The "Processing Element (PPE)" of the Cell is a 3.2-GHz PowerPC core equipped with 512 KB of L2 cache. The PowerPC core is a type of microprocessor similar to the one you would find running the Apple G5. It's a powerful processor on its own and could easily run a computer by itself; but in the Cell, the PowerPC core is not the sole processor. Instead, it's more of a "managing processor." It delegates processing to the eight other processors on the chip, the Synergistic Processing Elements.
The computational workload comes in through the PowerPC core. The core then assesses the work that needs to be done, looks at what the SPEs are currently processing and decides how to best dole out the workload to achieve maximum efficiency.
The SPEs used in the Cell processor are each SIMD (Single Instruction, Multiple Data), 128-bit vector processors. Vector processors are designed to quickly process several pieces of data at once. They were commonly used in the 1980s in large, powerful, scientific supercomputers and were created as a faster alternative to the more common scalar processor. Scalar processors can only work one data element at a time. Despite this limitation, advances in scalar design and performance have made the use of vector processors very rare these days in most computers.
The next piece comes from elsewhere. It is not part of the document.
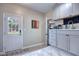 Bright mud room features door to the backyard, laundry area, and tile flooring at 738 Lindley Blvd, Deland, FL 32724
However, because of the vector processor's ability to handle several data elements at once, IBM resurrected this design for the Cell. There are eight SPEs on the chip, but only seven of them handle processing. The eighth SPE is built in as redundancy in case one of the other seven fails.
The SPEs each come loaded with 256 KB SRAM. This high-speed memory helps each SPE crunch numbers quickly. The SPE memory is also visible to the main Processing Element. This allows the PowerPC Core to utilize the resources of each SPE in the most efficient way possible. All of this amounts to unprecedented power for a piece of consumer electronics.
To achieve the high performance needed for mathematically intensive tasks, such as decoding/encoding MPEG streams, generating or transforming three-dimensional data, or undertaking Fourier analysis of data, the Cell processor marries the SPEs and the PPE via the EIB to give access to both main memory and to other external data storage. The PPE, which is capable of running a conventional operating system, has control over the SPEs and can start, stop, interrupt, and schedule processes running on the SPEs. To this end the PPE has additional instructions relating to control of the SPEs. Despite having Turing complete architectures, the SPEs are not fully autonomous and require the PPE to prime them before they can do any useful work. However, most of the "horsepower" of the system comes from the synergistic processing elements.The PPE and bus architecture includes various modes of operation giving different levels of memory protection, allowing areas of memory to be protected from access by specific processes running on the SPEs or the PPE.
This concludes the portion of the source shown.